Investing in these students’ higher education is a win for their communities as many of these students will remain where they grew up and become part of California’s workforce, according to Ortiz Oakley. 

“Our work is to take these assets, take these amazingly talented, committed & passionate individuals and give them opportunity. Opportunity to not only support themselves and their families, but opportunity for them to support our communities, our state, our country. To make us all better,” Chancellor Ortiz Oakley said.

In an effort to allocate CARE Act funds to all students in the state, Chancellor Ortiz Oakley sued Betsy DeVos and the Department of Education who wouldn’t allow the California Community Colleges to assist undocumented students with federal funds. Chancellor Ortiz Oakley won in court.

“It is not a vision for those of us who have opportunity, it is a vision of success for every student because every one of our students matters to our future. I’m very proud of the way our system has responded and very proud of the way in the face of this opposition from Washington D.C., we continue to protect and value our undocumented students. But they need more than protection. They need clear opportunity.”

The failure of the federal government to act and pass a comprehensive immigration reform continues to keep these members of our communities in the shadows and without a voice in the democratic process.

“We are better for having them in our community, we are better for having them in our colleges and we are better for them having the opportunity to fully participate in our society and in our democracy,” Chancellor Ortiz Oakley said. “This isn’t about the right or the left. This isn’t about blue or red. This is about building a better community, a better California and a better America.” 

While this issue affects a diverse group of undocumented students, the consequences of these issues do not solely focus on one demographic group. 

“This is not just a Latino issue. This is an issue for all. Under resourced and underrepresented, we need the members of our community to come together. If we allow one segment of our population to be underrepresented or to be left behind, then we all get left behind,” Ortiz Oakley said.

While focusing on inequality and racial disparity, Chancellor Rodriguez was forceful in his remarks about change within the system that can be inclusive for students and faculty within the college system in California.

“In our work together in addressing these inequities have led to disparate educational outcomes and we have to address them and that requires serious conversations about policies, practices and the very structures that we sometimes support that have fueled these inequities,” Chancellor Rodriguez said. “Without these honest and sometimes brutal conversations about power and privilege and our own leadership for these responsibilities, we run the risk of further bifurcation and further perpetuation of the very inequalities and disparities that we seek to disrupt.”

The current political climate can be discouraging for those who are not free, but the resounding words of allies in this panel affirm the resolve of those undocumented students to push forward in their endeavors.

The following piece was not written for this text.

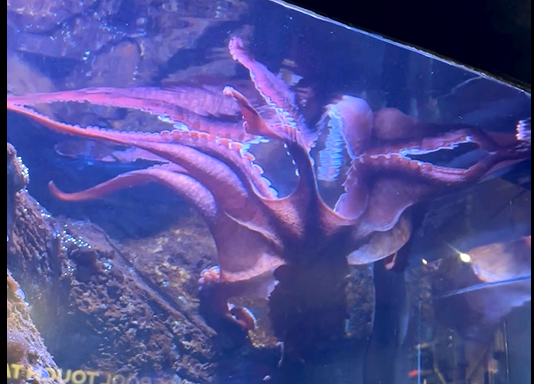 giant pacific octopus
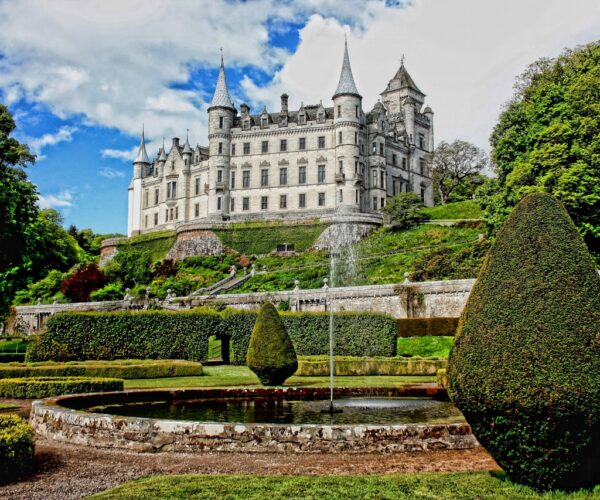 Aménager un jardin vertical afin d’optimiser l’utilisation de l’espace extérieur.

“There are many people that care about the success of you and our community, that know your story firsthand and that’s why representation matters, and at the end of the day we want to ensure that everyone in this country and every one of you, that no matter where you come from, what you look like, what language you speak, or what your legal status is, the American dream belongs to all of us, not just a few. We have to fight, and it is a fight worth fighting and know that you are not alone,” Wendy Carrillo, California Assemblywoman said.